- Born: 30 December 1910
- Died: 30 June 1986 (aged 75)
- Engineering career
- Projects: Expert on classic Japanese postage stamps; wrote extensively on the subject
- Awards: Crawford Medal APS Hall of Fame Lichtenstein Medal Lindenberg Medal Luff Award

= Soichi Ichida =

Japanese philatelist (1910–1986)

Dr. Soichi Ichida (30 December 1910 – 30 June 1986) was a distinguished Japanese philatelist who specialized in studies of classic Japanese postage stamps and encouraged the collecting of Japanese stamps and Japanese postal history throughout the world.

==Philatelic literature==
Dr. Soichi Ichida wrote extensively on Japanese classic stamps.

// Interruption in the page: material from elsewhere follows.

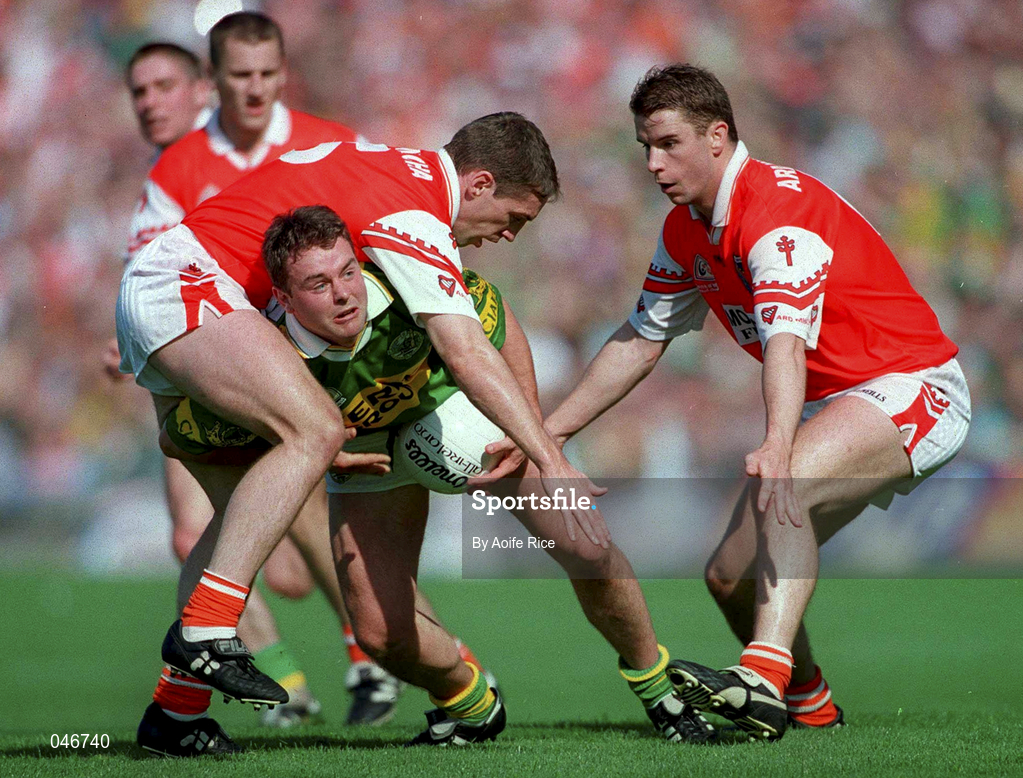 2 September 2000; Denis O'Dwyer of Kerry in action against Kieran McGeeney and Paul McGrane of Armagh during the Bank of Ireland All-Ireland Senior Football Championship Semi-Final replay match between Kerry and Armagh at Croke Park in Dublin. Photo by Aoife Rice/Sportsfile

His works include “The Dragon Stamps of Japan 1871–1872” in 1959, “The Cherry Blossom Issues of Japan 1872–1876” in 1965 and for which he was awarded the Crawford Medal in 1966. He also wrote “The Six Sen Violet Brown Native Paper Stamp 1874.”

==Philatelic activity==
Soichi Ichida was founding president of the Inter-Asian Philatelic Federation and president of the All-Japan Philatelic Federation.

==Honors and awards==
Soichi Ichida received numerous recognition for his work. These included the Crawford Medal in 1966, signing the Roll of Distinguished Philatelists in 1971, receiving the Lichtenstein Medal in 1972 and the Lindenberg Medal in 1981. He received the Luff Award in 1984 and was elected to the American Philatelic Society Hall of Fame in 1987.